Why is deep learning hyped despite bad VC dimension?

67

64

The VC-dimension formula for neural networks ranges from $O(E)$ to $O(E^2)$, with $O(E^2V^2)$ in the worst case, where $E$ is the number of edges and $V$ is the number of nodes. The number of training samples needed to have a strong guarantee of generalization is linear with the VC-dimension.

This means that for a network with billions of edges, as in the case of successful deep learning models, the training dataset needs billions of training samples in the best case, to quadrillions in the worst case. The largest training sets currently have about a hundred billion samples. Since there is not enough training data, it is unlikely deep learning models are generalizing. Instead, they are overfitting the training data. This means the models will not perform well on data that is dissimilar to the training data, which is an undesirable property for machine learning.

Given the inability of deep learning to generalize, according to VC dimensional analysis, why are deep learning results so hyped? Merely having a high accuracy on some dataset does not mean much in itself. Is there something special about deep learning architectures that reduces the VC-dimension significantly?

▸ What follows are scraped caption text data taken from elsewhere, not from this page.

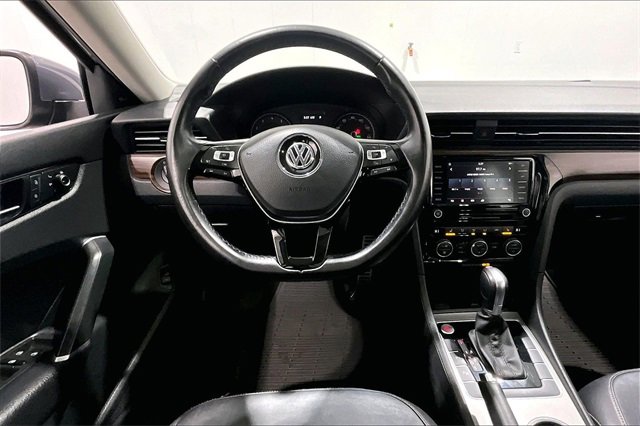 Used 2020 Volkswagen Passat 2.0T SEL image 8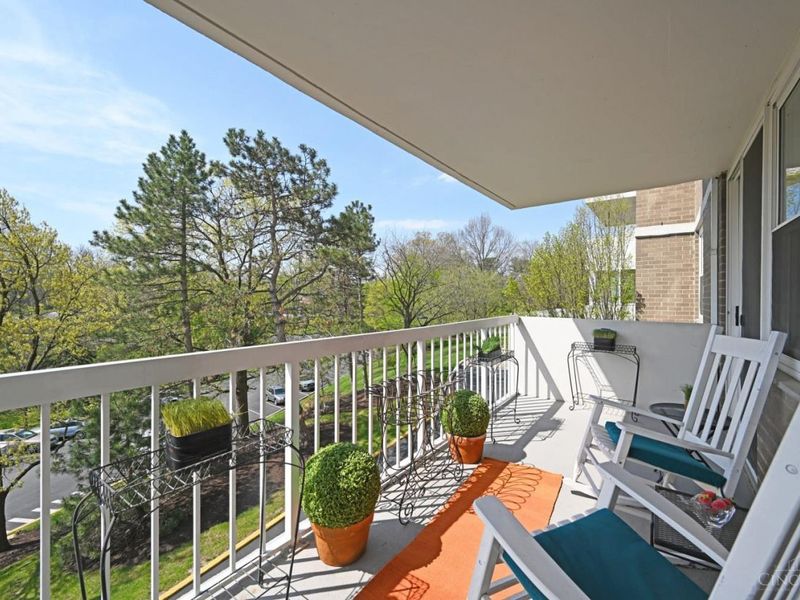 2444 Madison Road, Unit 202A, Cincinnati, OH 45208 Photo 32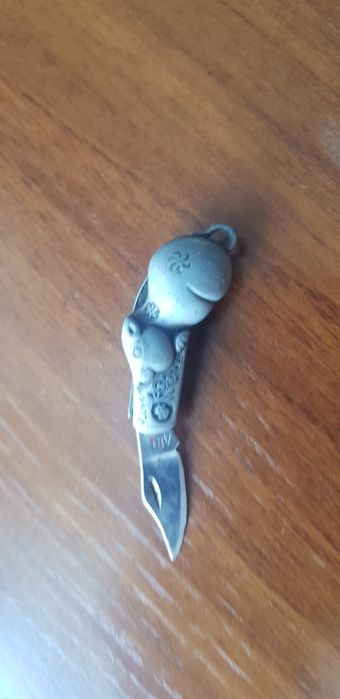 Продам брелки для ключей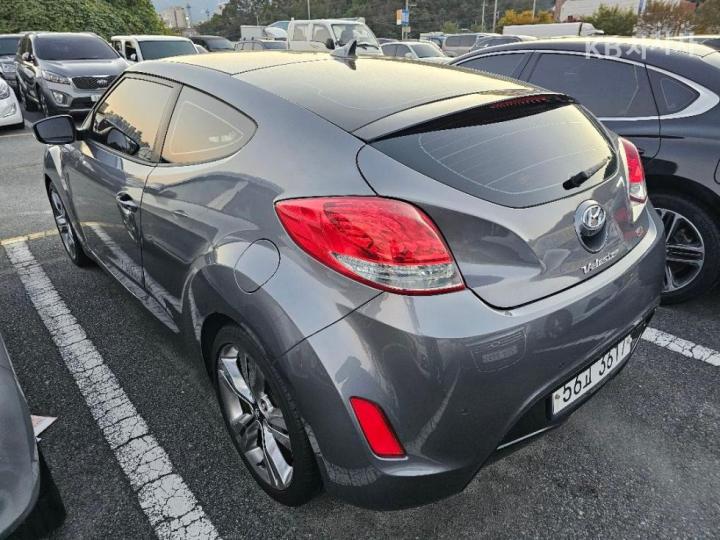 Hyundai Veloster Extreme 3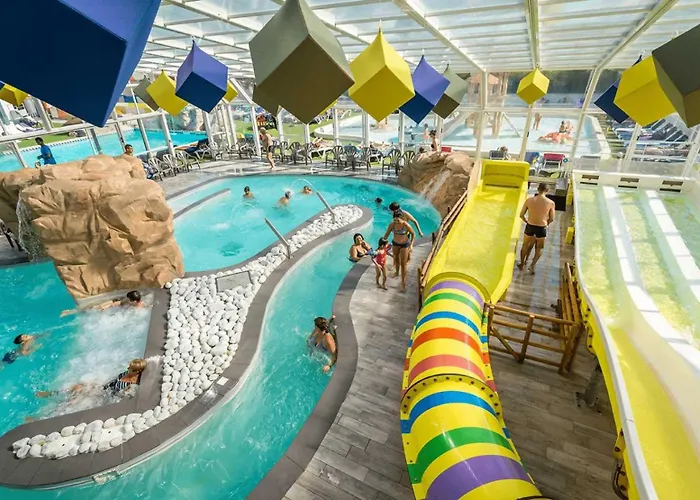 Camping - Parc Aquatique - Ccag00b Saint-Jean-dʼOrbetiers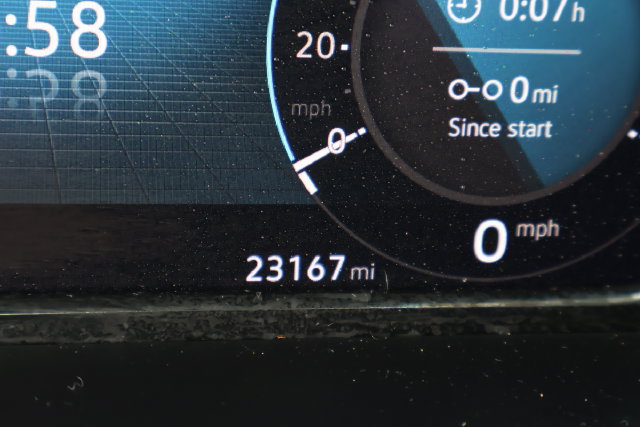 Certified 2024 Volkswagen Atlas Cross Sport SE FWD image 2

If you do not think the VC-dimension analysis is relevant, please provide evidence/explanation that deep learning is generalizing and is not overfitting. I.e. does it have good recall AND precision, or just good recall? 100% recall is trivial to achieve, as is 100% precision. Getting both close to 100% is very difficult.

As a contrary example, here is evidence that deep learning is overfitting. An overfit model is easy to fool since it has incorporated deterministic/stochastic noise. See the following image for an example of overfitting.

Example of underfitting, fitting, and overfitting.

Also, see lower ranked answers to this question to understand the problems with an overfit model despite good accuracy on test data.

Some have responded that regularization solves the problem of a large VC dimension. See this question for further discussion.

yters

Posted 2017-05-13T12:43:43.370

Reputation: 369

Comments are not for extended discussion; this conversation has been moved to chat.

– D.W. – 2017-05-15T03:37:15.120

7I don't think questions why is something "hyped" are good. The answer is "because people". People take interest in things because of plethora of reasons, including marketing. – luk32 – 2017-05-16T13:49:26.787

Answers

66

"If the map and the terrain disagree, trust the terrain."

It's not really understood why deep learning works as well as it does, but certainly old concepts from learning theory such as VC dimensions appear not to be very helpful.

The matter is hotly debated, see e.g.:

Regarding the issue of adversarial examples, the problem was discovered in:

It is further developed in:

There is a lot of follow-on work.

Martin Berger

Posted 2017-05-13T12:43:43.370

Reputation: 6 705

Comments are not for extended discussion; this conversation has been moved to chat.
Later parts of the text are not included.